Книга – вот что становилось для него итогом жизни со всеми ее потрясениями,
Книга – сплав, а чтобы сплав был качественным, он должен содержать как можно больше чистых металлов и меньше посторонних примесей – шлаков.
По своему подлинному складу, скорее внутреннему, чем внешнему, отец, подобно, например, Горькому, был и оставался бродягой. И может быть, не нужно ему было никаких ни жен, ни семей. Но в жизни «складывалось» иначе, немало было и «шлаков».
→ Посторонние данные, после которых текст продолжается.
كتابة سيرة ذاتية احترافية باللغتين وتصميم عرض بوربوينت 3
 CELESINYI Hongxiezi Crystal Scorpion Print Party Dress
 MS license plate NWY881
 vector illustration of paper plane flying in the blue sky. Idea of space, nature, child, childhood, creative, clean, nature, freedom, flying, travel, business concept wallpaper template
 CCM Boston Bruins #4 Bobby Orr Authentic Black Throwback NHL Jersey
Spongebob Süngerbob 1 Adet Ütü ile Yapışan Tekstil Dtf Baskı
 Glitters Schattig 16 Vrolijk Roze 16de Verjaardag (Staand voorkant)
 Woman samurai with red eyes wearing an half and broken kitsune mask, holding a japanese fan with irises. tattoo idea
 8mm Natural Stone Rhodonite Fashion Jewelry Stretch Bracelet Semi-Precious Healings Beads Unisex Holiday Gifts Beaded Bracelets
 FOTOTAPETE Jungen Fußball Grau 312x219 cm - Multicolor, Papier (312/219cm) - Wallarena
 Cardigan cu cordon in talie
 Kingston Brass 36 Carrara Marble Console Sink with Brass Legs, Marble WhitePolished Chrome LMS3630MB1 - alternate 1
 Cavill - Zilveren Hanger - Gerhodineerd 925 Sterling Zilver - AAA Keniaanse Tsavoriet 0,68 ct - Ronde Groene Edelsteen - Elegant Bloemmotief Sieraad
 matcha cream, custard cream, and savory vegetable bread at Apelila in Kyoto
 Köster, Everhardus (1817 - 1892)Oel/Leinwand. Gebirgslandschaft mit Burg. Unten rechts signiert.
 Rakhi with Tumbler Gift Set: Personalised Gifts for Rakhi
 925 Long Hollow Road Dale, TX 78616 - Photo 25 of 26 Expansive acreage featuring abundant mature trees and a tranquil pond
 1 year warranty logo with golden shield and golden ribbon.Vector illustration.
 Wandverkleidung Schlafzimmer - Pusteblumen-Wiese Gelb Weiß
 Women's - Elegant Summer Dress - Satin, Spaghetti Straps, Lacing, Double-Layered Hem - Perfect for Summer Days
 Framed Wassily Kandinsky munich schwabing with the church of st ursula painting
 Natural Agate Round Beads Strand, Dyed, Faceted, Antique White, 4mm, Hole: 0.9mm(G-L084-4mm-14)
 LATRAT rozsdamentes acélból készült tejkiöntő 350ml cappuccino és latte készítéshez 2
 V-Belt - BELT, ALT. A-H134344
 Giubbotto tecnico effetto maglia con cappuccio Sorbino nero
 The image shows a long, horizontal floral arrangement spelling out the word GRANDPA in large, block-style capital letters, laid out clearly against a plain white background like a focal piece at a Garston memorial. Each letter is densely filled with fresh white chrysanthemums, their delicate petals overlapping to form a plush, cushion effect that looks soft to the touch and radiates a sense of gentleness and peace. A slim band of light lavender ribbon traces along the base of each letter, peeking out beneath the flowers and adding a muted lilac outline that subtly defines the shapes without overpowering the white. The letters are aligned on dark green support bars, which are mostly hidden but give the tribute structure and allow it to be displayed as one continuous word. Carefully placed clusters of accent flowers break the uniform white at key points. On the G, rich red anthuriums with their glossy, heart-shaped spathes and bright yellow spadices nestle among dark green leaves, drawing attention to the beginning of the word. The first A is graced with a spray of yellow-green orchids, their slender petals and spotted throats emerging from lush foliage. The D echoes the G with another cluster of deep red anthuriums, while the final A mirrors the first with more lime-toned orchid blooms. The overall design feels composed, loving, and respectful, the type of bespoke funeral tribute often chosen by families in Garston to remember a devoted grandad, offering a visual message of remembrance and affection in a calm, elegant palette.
Когда он оставался за письменным столом, он считал себя вправе восстановить свое подлинное «я» и начинал жить литературной жизнью (а значит, для писателя – истинной). Тогда и рождалась «Повесть о жизни», где герой скитается один (пусть и обрекая себя на страдания от одиночества), а воспоминания о женах лишь воплощаются в преображенных образах любимых женщин.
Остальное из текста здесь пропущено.